> **What the task requires**: Beneath this line are entries. Copy the range from the line with "Support Téléphone Voiture, Car" to the line with "Pace: Bone-Shaped Slow", ends included, exactly; leave pictures out.

> **Data extract**:
* * *
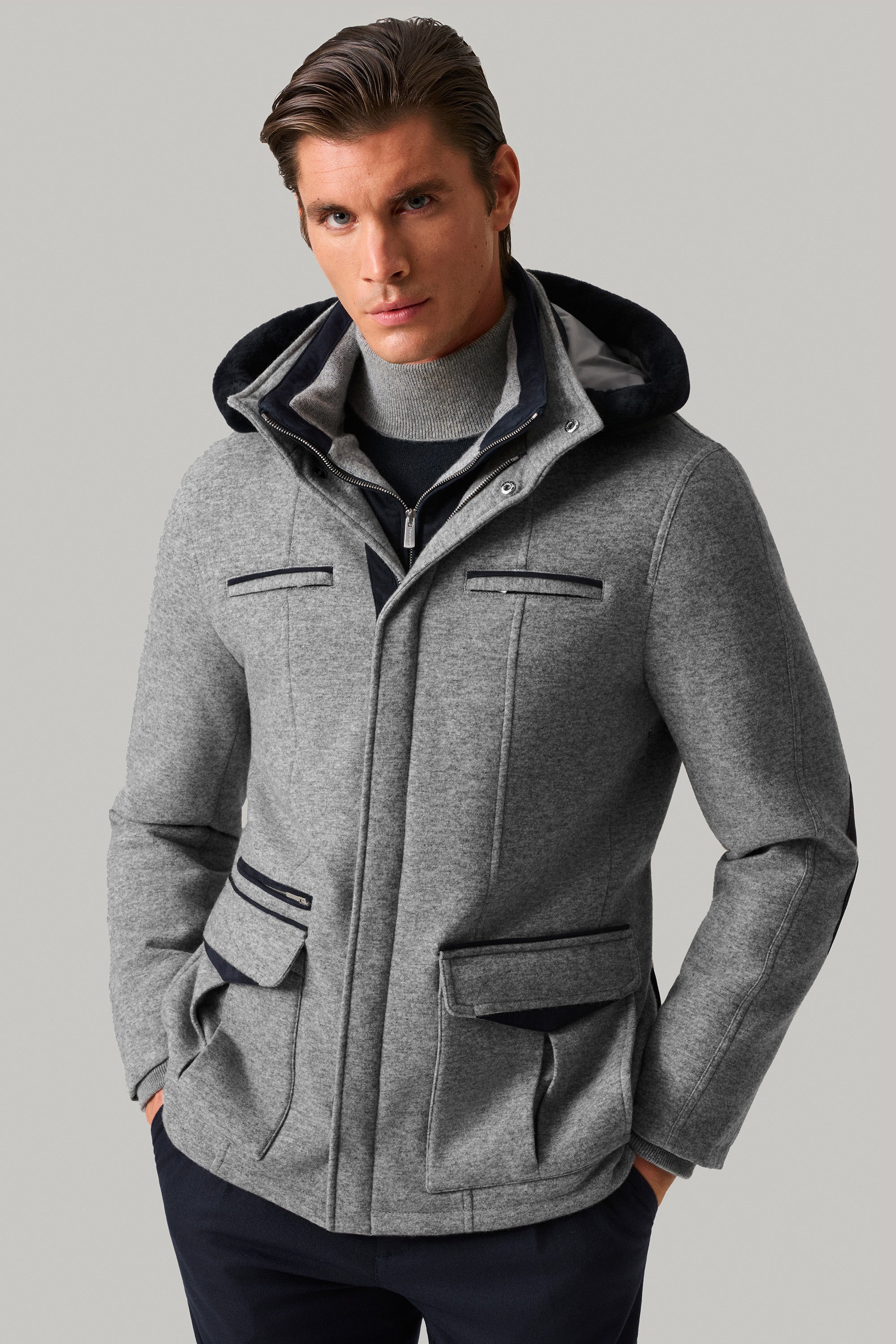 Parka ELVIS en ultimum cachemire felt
* * *
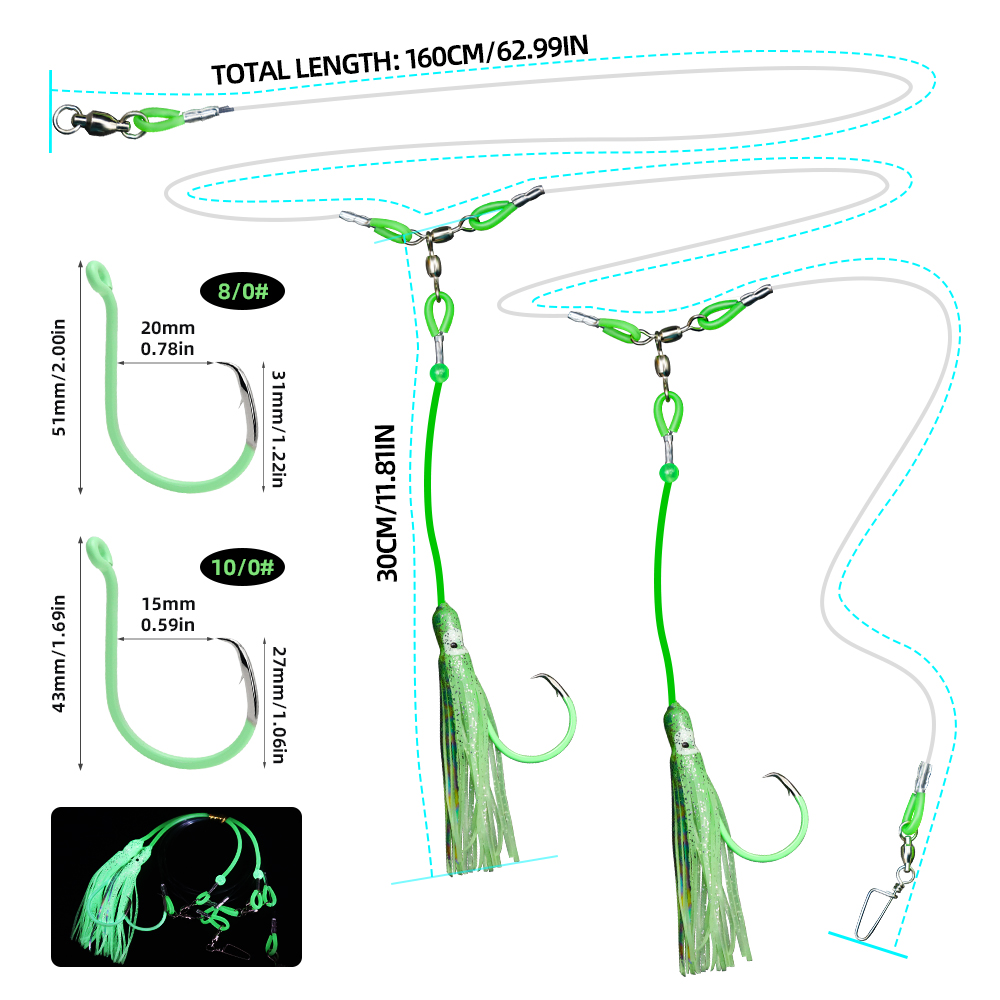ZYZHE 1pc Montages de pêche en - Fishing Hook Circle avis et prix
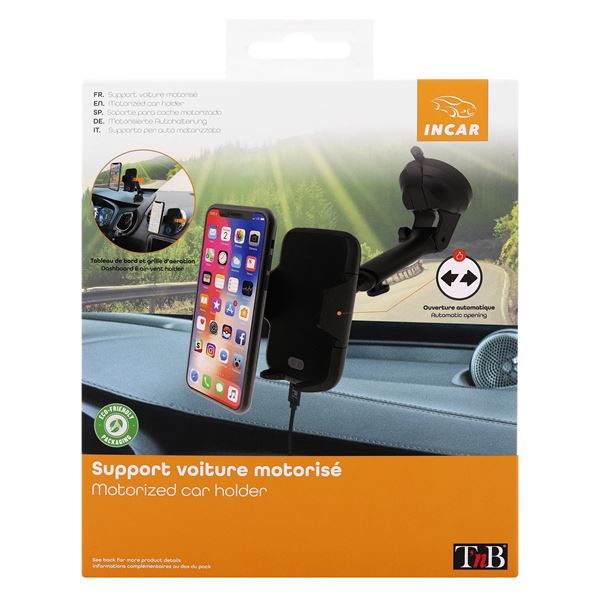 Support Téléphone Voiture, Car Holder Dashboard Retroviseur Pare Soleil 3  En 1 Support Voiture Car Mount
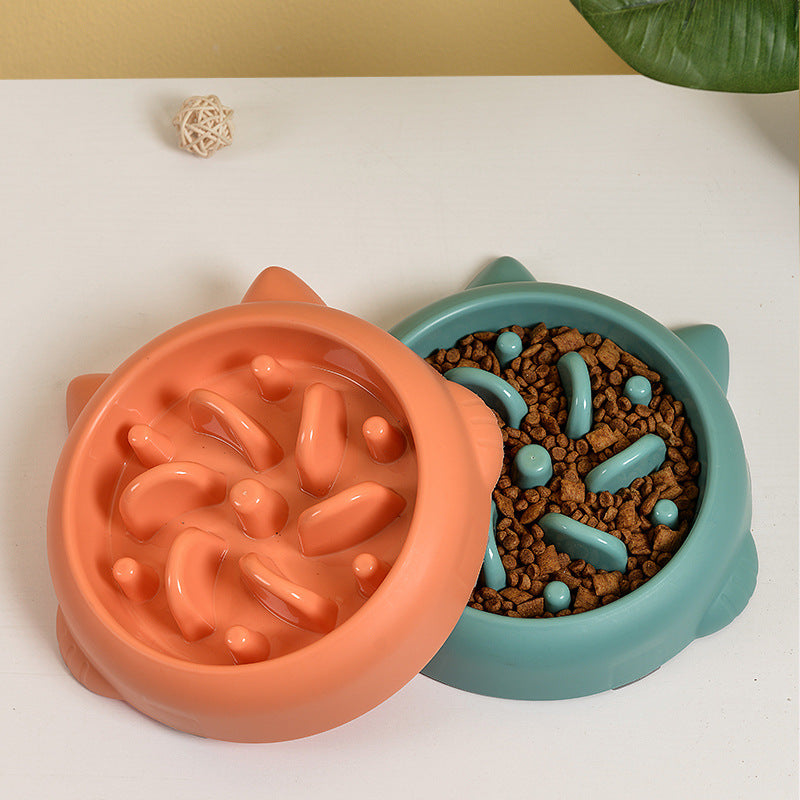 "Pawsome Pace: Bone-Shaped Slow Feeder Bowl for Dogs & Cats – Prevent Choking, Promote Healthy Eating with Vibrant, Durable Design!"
* * *
> **Task output**:
 Support Téléphone Voiture, Car Holder Dashboard Retroviseur Pare Soleil 3  En 1 Support Voiture Car Mount
 "Pawsome Pace: Bone-Shaped Slow Feeder Bowl for Dogs & Cats – Prevent Choking, Promote Healthy Eating with Vibrant, Durable Design!"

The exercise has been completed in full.